Extracted data entries:
====================

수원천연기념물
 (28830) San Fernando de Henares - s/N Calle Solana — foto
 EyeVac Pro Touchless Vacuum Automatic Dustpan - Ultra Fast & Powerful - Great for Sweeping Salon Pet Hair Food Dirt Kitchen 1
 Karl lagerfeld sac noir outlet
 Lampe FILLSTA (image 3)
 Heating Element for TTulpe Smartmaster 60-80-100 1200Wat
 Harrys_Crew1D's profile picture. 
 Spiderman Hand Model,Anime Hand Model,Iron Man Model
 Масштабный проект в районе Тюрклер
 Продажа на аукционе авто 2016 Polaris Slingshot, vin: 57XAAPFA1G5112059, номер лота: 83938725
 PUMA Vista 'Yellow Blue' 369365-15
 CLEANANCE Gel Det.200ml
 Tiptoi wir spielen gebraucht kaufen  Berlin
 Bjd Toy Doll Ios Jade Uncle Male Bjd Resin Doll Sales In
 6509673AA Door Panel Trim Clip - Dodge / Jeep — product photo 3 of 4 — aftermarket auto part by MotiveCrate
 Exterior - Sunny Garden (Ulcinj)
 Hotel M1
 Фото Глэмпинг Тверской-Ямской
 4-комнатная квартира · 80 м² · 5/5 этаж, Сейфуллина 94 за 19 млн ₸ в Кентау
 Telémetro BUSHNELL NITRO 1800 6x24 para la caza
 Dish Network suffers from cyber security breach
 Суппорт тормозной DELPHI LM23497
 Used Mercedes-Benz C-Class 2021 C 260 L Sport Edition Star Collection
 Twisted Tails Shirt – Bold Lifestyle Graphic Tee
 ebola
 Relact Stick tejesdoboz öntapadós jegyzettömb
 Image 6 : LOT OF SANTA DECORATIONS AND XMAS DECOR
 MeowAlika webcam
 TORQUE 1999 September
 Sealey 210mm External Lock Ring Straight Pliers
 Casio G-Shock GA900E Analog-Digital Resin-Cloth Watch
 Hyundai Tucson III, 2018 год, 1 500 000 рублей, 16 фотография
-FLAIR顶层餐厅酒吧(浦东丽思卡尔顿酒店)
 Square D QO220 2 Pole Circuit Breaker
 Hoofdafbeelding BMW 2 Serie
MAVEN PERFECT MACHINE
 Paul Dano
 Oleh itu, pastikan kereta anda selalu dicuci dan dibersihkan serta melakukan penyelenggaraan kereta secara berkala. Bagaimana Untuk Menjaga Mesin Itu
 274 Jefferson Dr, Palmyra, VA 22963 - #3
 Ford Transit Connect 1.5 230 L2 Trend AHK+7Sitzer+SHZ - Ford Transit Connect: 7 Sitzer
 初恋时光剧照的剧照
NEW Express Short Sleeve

====================

▸ **Your objective**: Return word for word the lines above from the line with "Фото Глэмпинг Тверской-Ямской" to the line with "274 Jefferson Dr, Palmyra, VA 22963 - #3", including both and leaving out all others.

▸ **Response**:
 Фото Глэмпинг Тверской-Ямской
 4-комнатная квартира · 80 м² · 5/5 этаж, Сейфуллина 94 за 19 млн ₸ в Кентау
 Telémetro BUSHNELL NITRO 1800 6x24 para la caza
 Dish Network suffers from cyber security breach
 Суппорт тормозной DELPHI LM23497
 Used Mercedes-Benz C-Class 2021 C 260 L Sport Edition Star Collection
 Twisted Tails Shirt – Bold Lifestyle Graphic Tee
 ebola
 Relact Stick tejesdoboz öntapadós jegyzettömb
 Image 6 : LOT OF SANTA DECORATIONS AND XMAS DECOR
 MeowAlika webcam
 TORQUE 1999 September
 Sealey 210mm External Lock Ring Straight Pliers
 Casio G-Shock GA900E Analog-Digital Resin-Cloth Watch
 Hyundai Tucson III, 2018 год, 1 500 000 рублей, 16 фотография
-FLAIR顶层餐厅酒吧(浦东丽思卡尔顿酒店)
 Square D QO220 2 Pole Circuit Breaker
 Hoofdafbeelding BMW 2 Serie
MAVEN PERFECT MACHINE
 Paul Dano
 Oleh itu, pastikan kereta anda selalu dicuci dan dibersihkan serta melakukan penyelenggaraan kereta secara berkala. Bagaimana Untuk Menjaga Mesin Itu
 274 Jefferson Dr, Palmyra, VA 22963 - #3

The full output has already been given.